Joe Strummer & The Mescaleros - Global A Go-Go
Joe Strummer & The Mescaleros – Global A Go-Go (Remastered) – Hellcat Records

First up was ‘Global A Go-Go’ which is full of treats, delights and surprises. Kicking off with the stripped-down folksiness of ‘Johnny Appleseed’, you suspect Arcade Fire may have listened to more than a little Strummer before they launched their assault on the musical world. Title track, ‘Global A Go-Go’, lilts with a reggae beat, swirling guitars and the many voices of Joe Strummer before breaking in to an African rhythm infused chorus overlaid with multi-instrumentation and a sense of joyous inclusivity. This album is a great example of World Music in the truest sense of the phrase as performed by a musician who has travelled to the four corners of the globe to select the best ingredients – a bit like Lloyd Grossman but without the inexplicable accent. Titles like ‘Bhindi Bhagee’, ‘Shaktar Donetsk’ and ‘Mondo Bongo’ confirm the albums international feel and cement Strummer’s reputation as a musical innovator. Here is a man who was the driving force behind one of the world’s greatest and most politically virile punk bands but who was also intelligent to recognise that each culture has its own musical heritage to pass on stories, to protest against injustice and to get people dancing. As an example, ‘At The Border, Guy’ starts off like a piano lead 90s dance tune straight outta Manchester before incorporating relexad West Indian rhythms and West Coast American organs. But most impressively, it’s the 17 minute opus of ‘Minstrel Boy’ that ends the album that is the most mind blowing experience in terms of coming out of the mind of a man largely known form writing sub 3 minute punk blasters. ‘Minstrel Boy’ starts off as a wistful, Celtic lament full of fiddles and military drums before building in to the kind of crescendo you would expect at the end of a large scale musical production for the Olympic opening ceremony or some other similar one-off event. ‘Global A Go-Go’ is the musical memoir of a musician and music fan who has travelled, seen, heard and embraced the music that our messed up world has to offer and should be on the curriculum for all music departments the length and breadth of the country - or at least free to download for everyone under the age of 16 as an educational tool.

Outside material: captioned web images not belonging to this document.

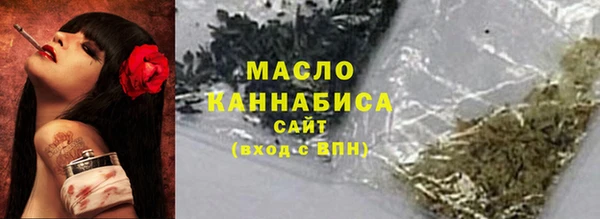 каннабис Кинешма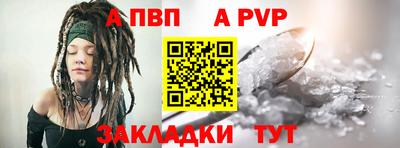 MESCALINE Ирбит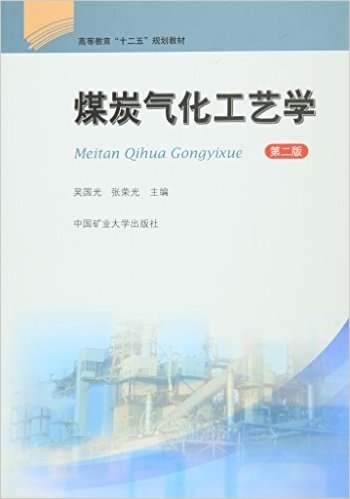 高等教育"十二五"规划教材:煤炭气化工艺学(第二版)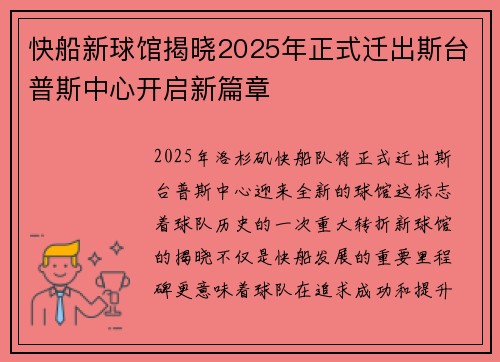 快船新球馆揭晓2025年正式迁出斯台普斯中心开启新篇章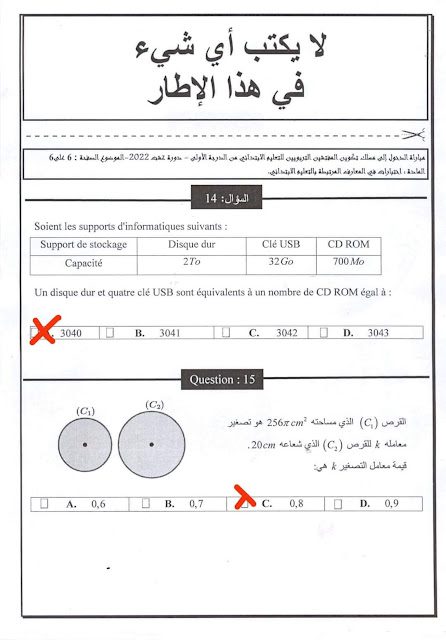 تصحيح اختبار المعارف في الرياضيات مباراة التفتيش غشت 2022 تصحيح اختبار المعارف في الرياضيات مباراة التفتيش غشت 2022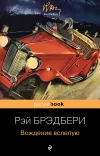 «Попрыгунчик в шкатулке» - Рэй Брэдбери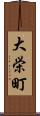 大栄町 Scroll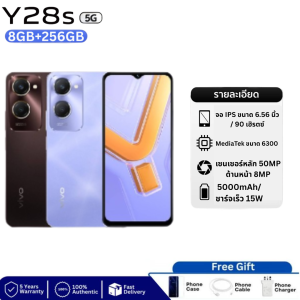 Y28s โทรศัพท์ 5G (8+128GB) แบตเตอรี่ 6000mAh ชาร์จไว44W ลำโพงคู่+300% Audio booster วีโว่ของแท้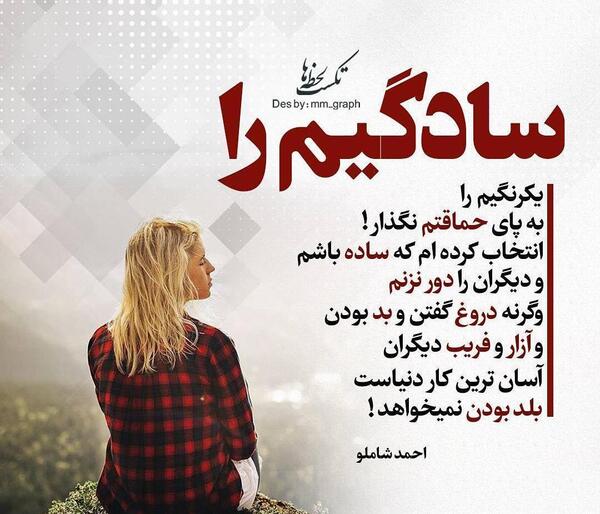 عکس نوشته احمد شاملو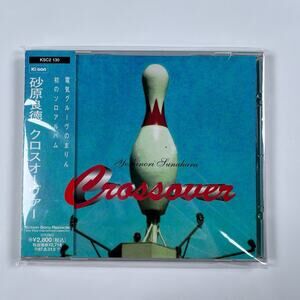 Yoshinori Sunahara ‎– Crossover CD Japan Press w/ OBI Electronic KSC2–130 Ki/oon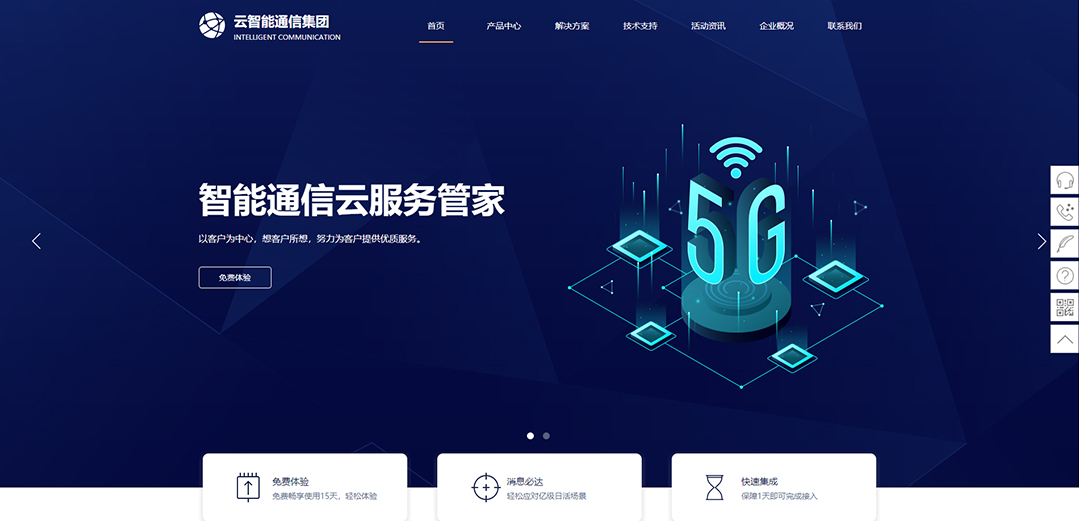 (帶手機版數(shù)據(jù)同步)自適應通訊數(shù)碼類通用網站模板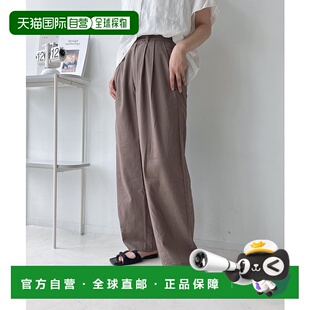 1h可退 日本直邮AS KNOW AS plus 女士亚麻混合高腰锥形长裤 QD07
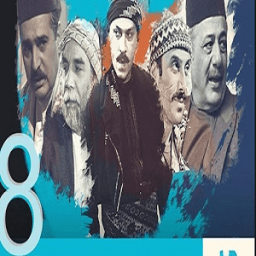 ikon اخبار باب الحارة الجزء الثامن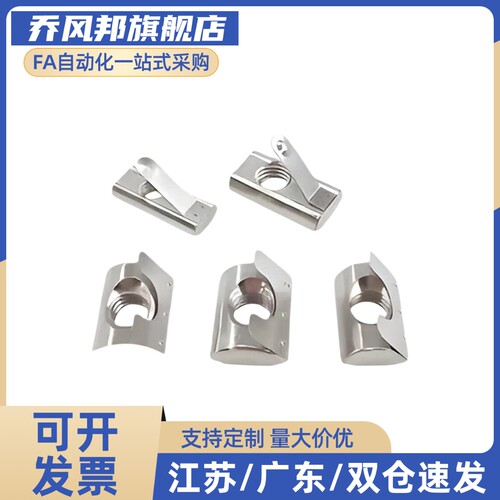 弹片螺母AHV21/AHV23/AHV31-308-4010-G306-G408-M4-M5-M6-M8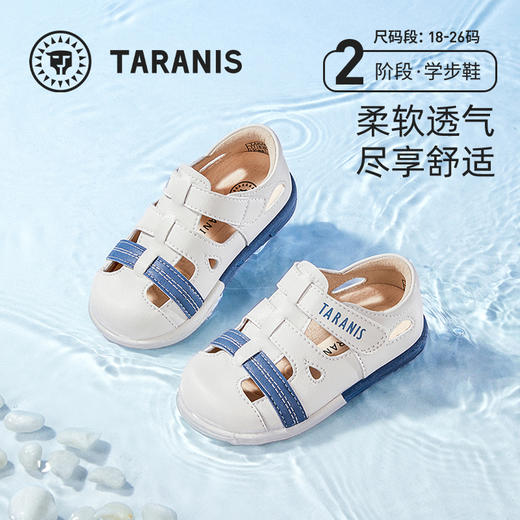 泰兰尼斯学步鞋夏季新款童鞋防滑软底女童凉鞋包头防踢男宝宝鞋子 商品图2
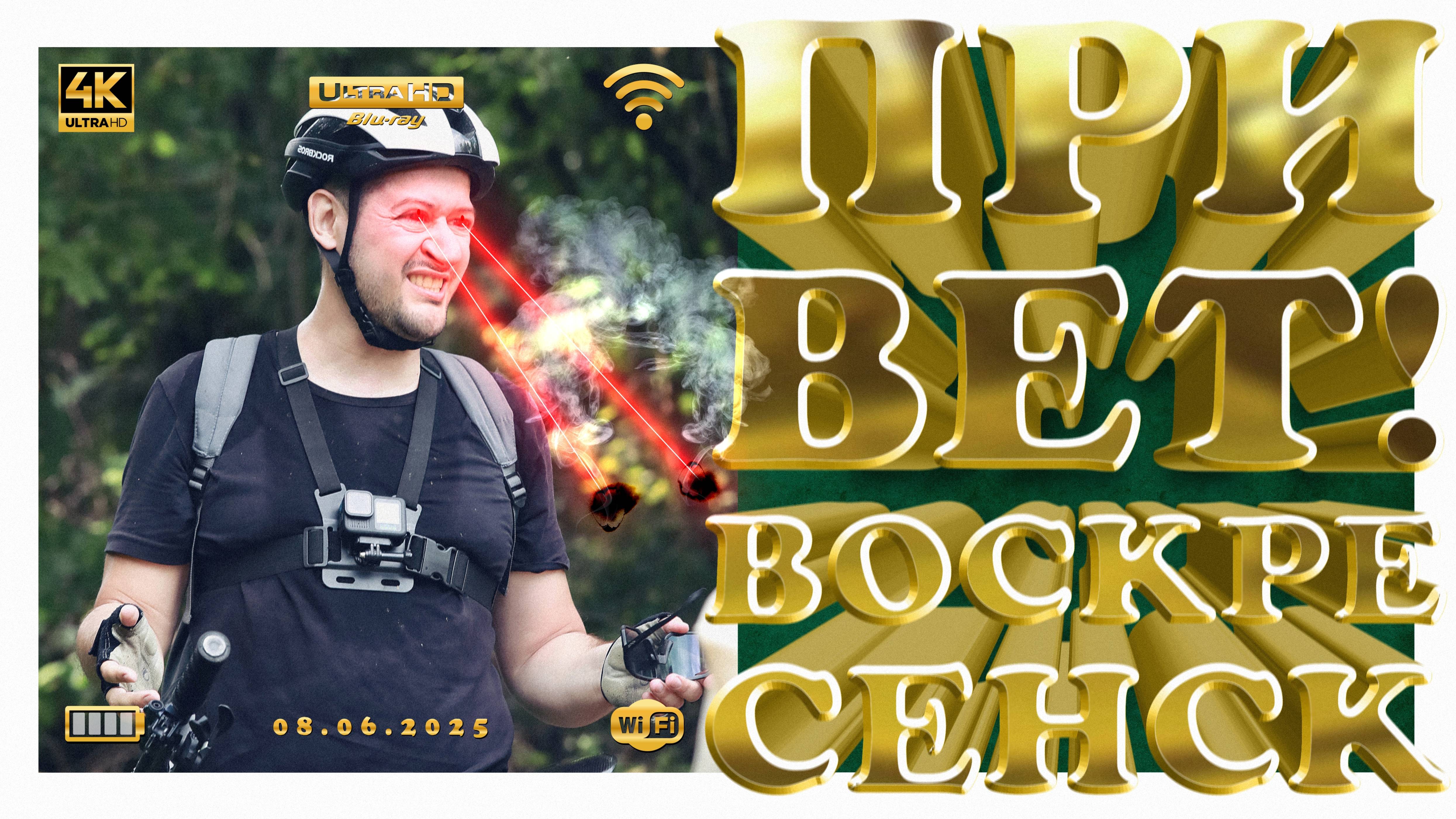 Привет! Воскресенск!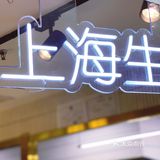 “她”羡慕的1.9元生煎包大餐！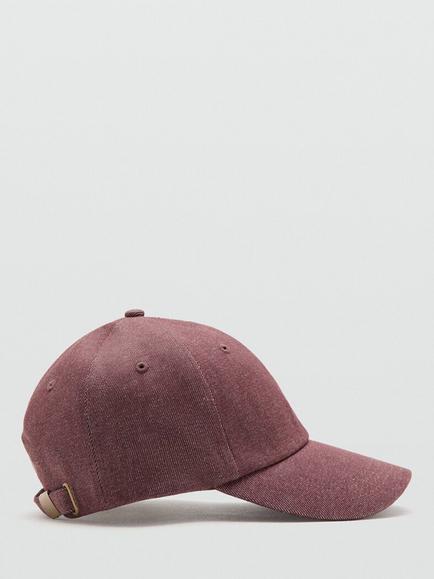 Mango Cotton Baseball Cap, Garnet
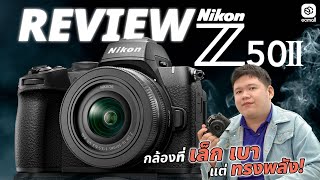 Review | Nikon Z50 II กล้องที่เล็ก เบา แต่ทรงพลังระดับเรือธง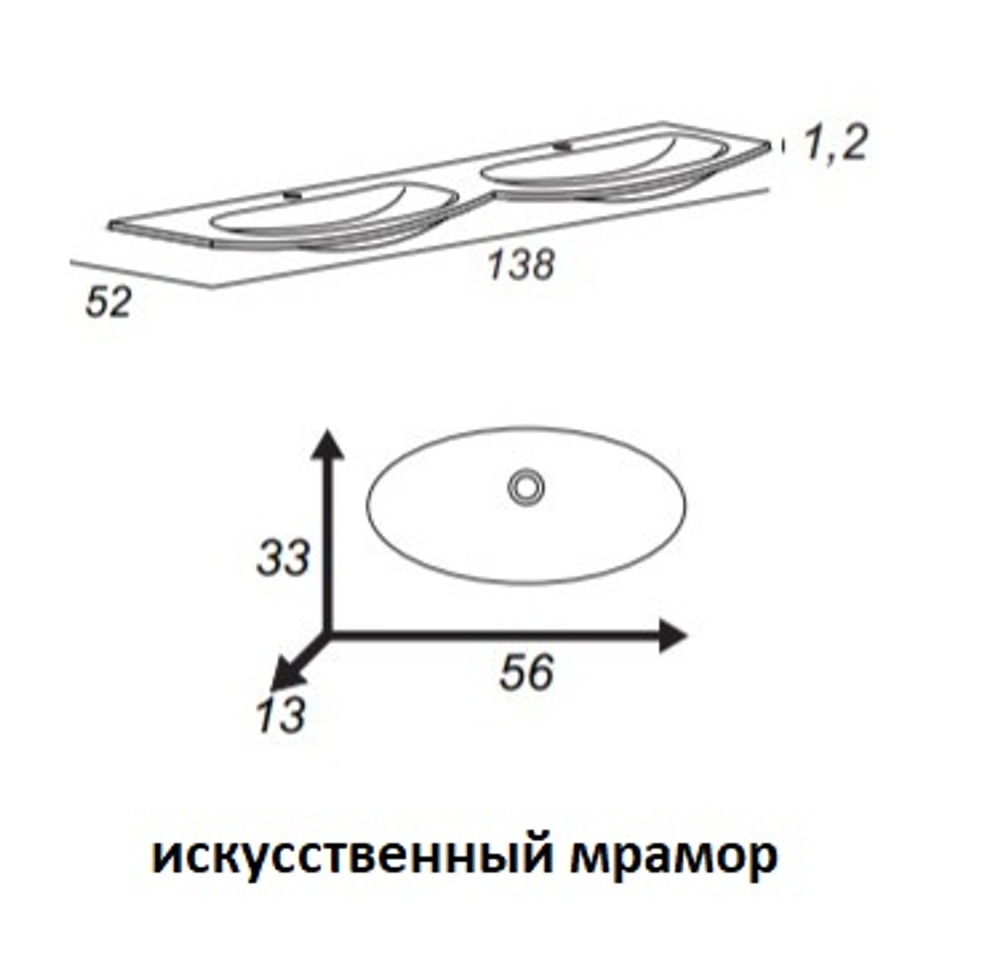 Мебель для ванной комнаты CEZARES RIALTO 136 см две чаши Nero grafite 55171 + 55171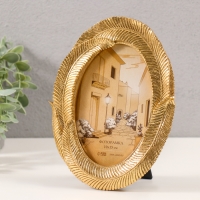 Фоторамка полистоун 10х15 см "Листья" золото 15х1,7х19,5 см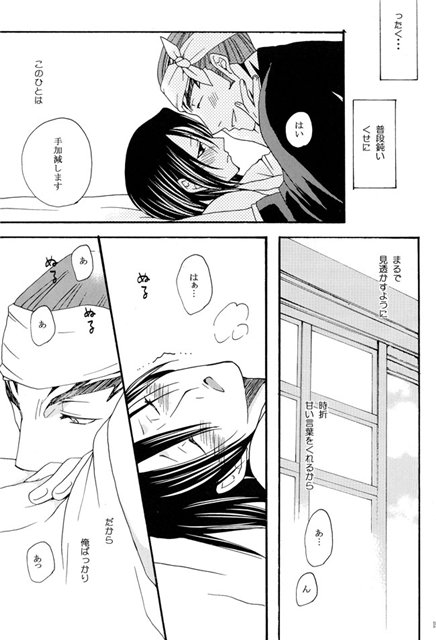 Hidamari no Koi - Page 17
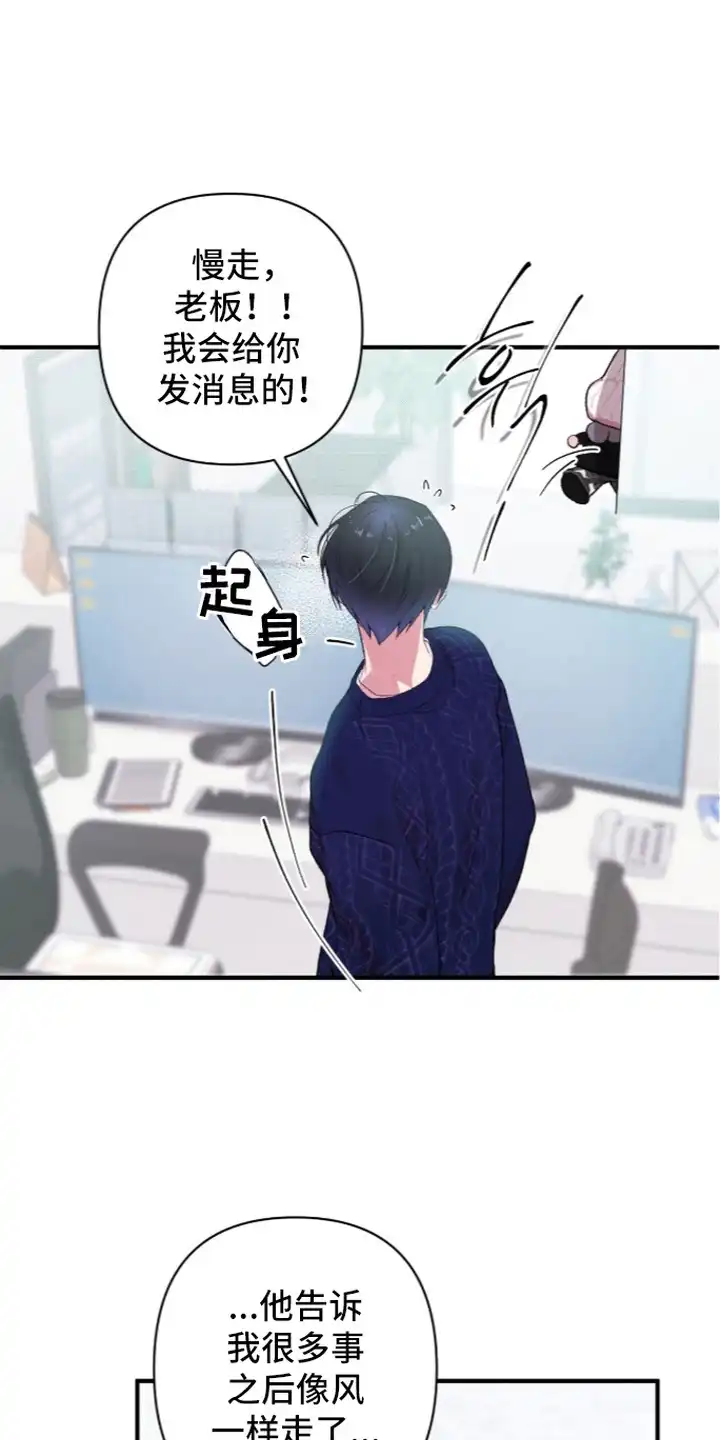 错频心跳 第12章：换衣服 第8页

Joe Strummer & The Mescaleros - Streetcore
Joe Strummer & The Mescaleros – Streetcore (Remastered) – Hellcat Records

‘Streetcore’ shows a more direct connection between Strummer’s newer work and his more widely known output with the Clash. Opener ‘Coma Girl’ is a bonafide singalong hit with a crowd pleasing chorus whilst ‘Get Down Moses’ sees Strummer in full blown preacher mode mixing lilting dub beats with swathes of organ and some seriously soulful horns. ‘Long Shadow’ is pure Dylan and ‘Arms Aloft’ is a wondrous homage to the highs and lows of touring featuring the beautifully British lyric “May I remind you of that scene, we were arms aloft in Aberdeen”. Strummer has always been fascinated with all kinds of music and on his version of Marley’s ‘Redemption Song’ he pays tribute to the powerful storytelling abilities of music – although it is slightly odd listening to a middle class white man singing a song about the Black slave trade. It kinda works though. For me, the stand out track is the winding, meandering ‘Midnight Jam’ which starts off like a WWII broadcast telling the world that this music is coming straight out of London, London Calling indeed, and all the multicultural joy contained therein. It’s not so much that this is the best song on the album but more that it clearly shows off Strummer’s love of being a musician and the satisfaction he gets from simply creating and performing music with a group of like minded people for a anyone willing to listen.

The live bonus tracks at the end of this collection are just that, a real bonus. Versions of ‘Rudi, A Message To You’, ‘Blitzkreig Bop’ and ‘Yalla, Yalla’ all go to show what a consummate performer, entertainer and storyteller Strummer was. Whether they are his words or someone else’s, this man knows how to weave a tale and enthral an audience. The really telling sign that this is a good album though is that it’s been stuck in my car stereo for weeks as I can’t bring myself to take it out to sit down and write about it. Discovering Strummer’s latter day output has been a real treat and I hope the late, great man is resting in noise. Lots of lovely, eclectic noise in that great jam session in the sky.